Danach ging es über das Traglager bis hin zum Zahnriemen über das Kardanwellengelenk. Hier hatte ich einige Bedenken, weil es doch Anfangs kompliziert klang. Jedoch mit Hilfe von Carlo würde ich jetzt jederzeit selber einen Zahnriemenwechsel durchführen.

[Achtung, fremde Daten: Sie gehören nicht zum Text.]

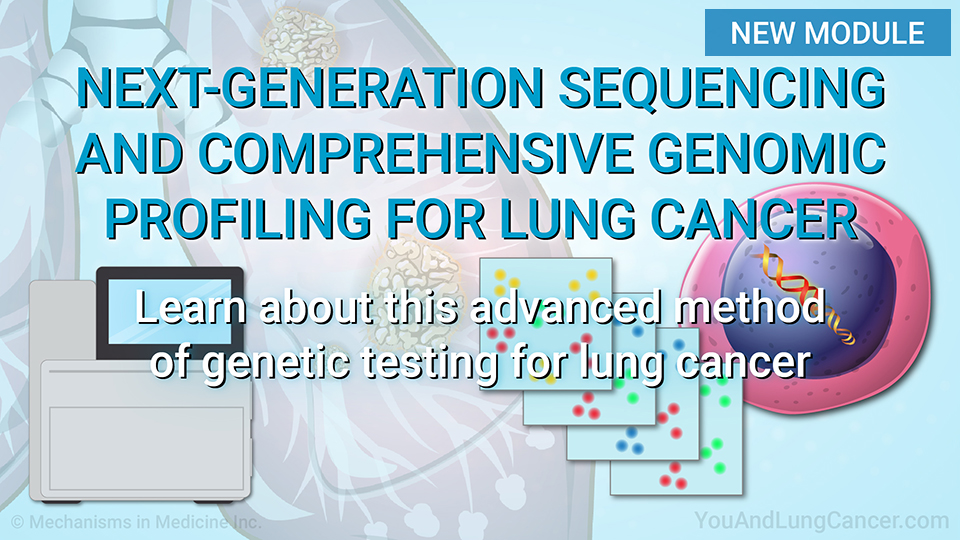 Understanding Prehabilitation in Lung Cancer Surgery.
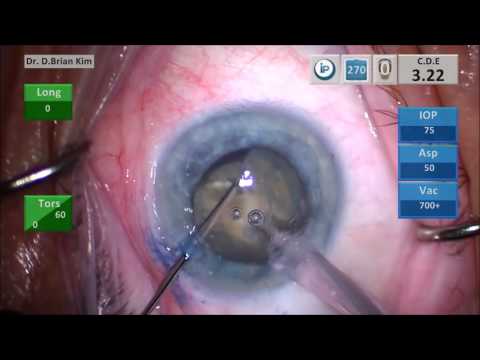 Hypermature Cataract: A Different Approach For Clearer Corneas, More Efficiency, And Safer Surgery 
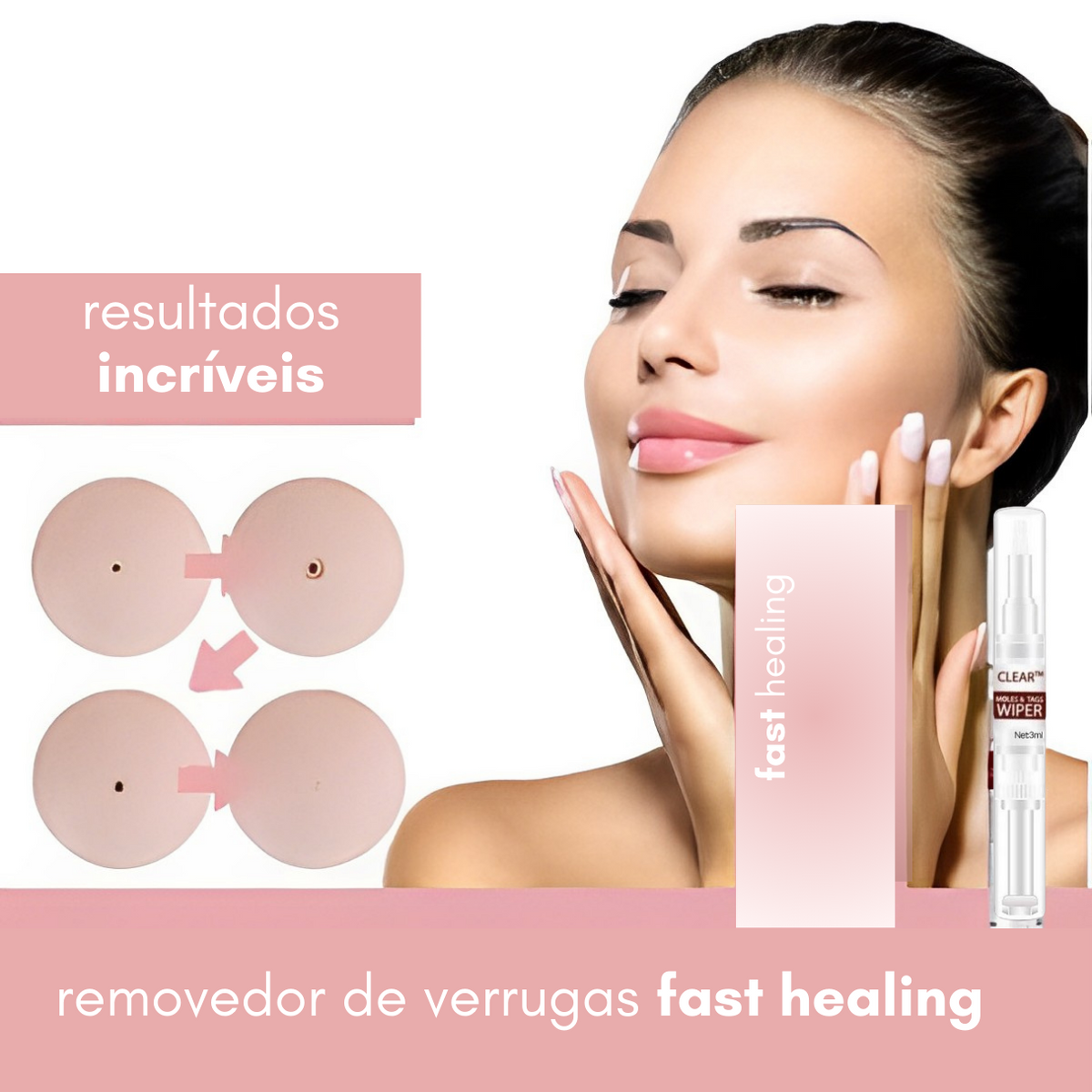 Creme Removedor de Verrugas – Fast Healing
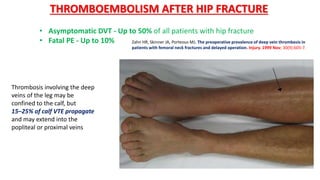 • Asymptomatic DVT - Up to 50% of all patients with hip fracture
• Fatal PE - Up to 10%
THROMBOEMBOLISM AFTER HIP FRACTURE
Zahn HR, Skinner JA, Porteous MJ. The preoperative prevalence of deep vein thrombosis in
patients with femoral neck fractures and delayed operation. Injury. 1999 Nov; 30(9):605-7.
Thrombosis involving the deep
veins of the leg may be
confined to the calf, but
15–25% of calf VTE propagate
and may extend into the
popliteal or proximal veins
 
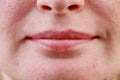 Expanded pores, acne, comedones, black spots. Lips close up. Problem skin girl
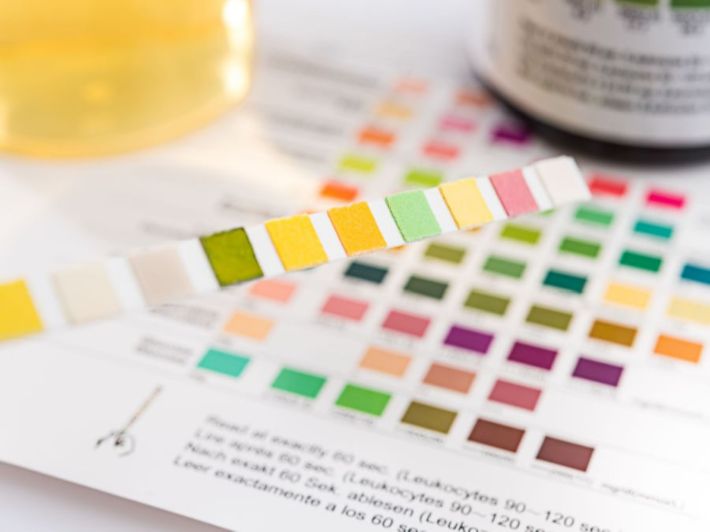 ما هي فحوصات الكشف عن درجة حموضة الدم؟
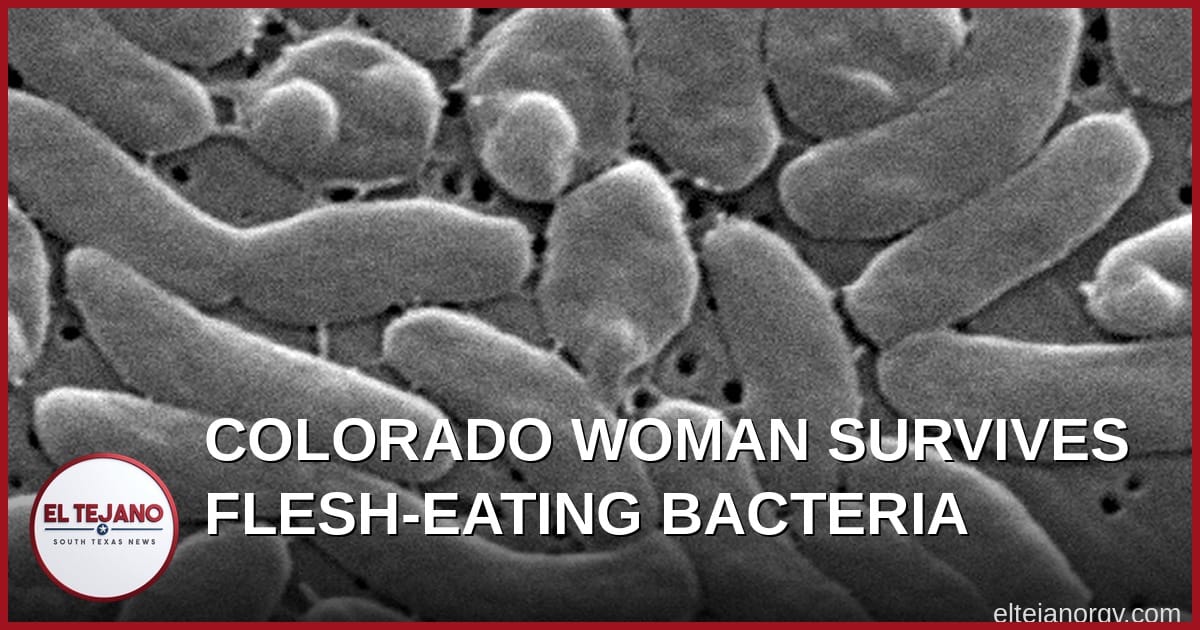 Colorado Woman Shares Story of Surviving Flesh-Eating Bacteria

Als Nächstes standen die Rostarbeiten an, die wir am Anfang nicht machen wollten. Doch mein Opa schafte es mich zu überzeugen und so durfte Aluminium und Spachtel am Auto verarbeitet werden. Das Auto ist jetzt zwar nicht vollständig rostfrei, jedoch in der Optik ein deutlicher Hingucker geworden 🙂 Was natürlich durch die Politurarbeiten noch mehr zur Geltung kam.

Danke Opa und Schmiddy.

Nicht zu vergessen sind die elektrischen Feinheiten, die eine längere und bequemere Standzeit ermöglichen. Nachdem wir eine schöne große Batterie (210 Ah) von Uwe bekommen haben konnte die Arbeit angefangen werden. Hier wurde hinten eine Möglichkeit geschaffen die Batterie zu integrieren und zwischen zwei Batterien für den Innenraum zu wechseln. Danke hier für die tatkräftige Unterstützung von meinem Cousin Alex und Flo.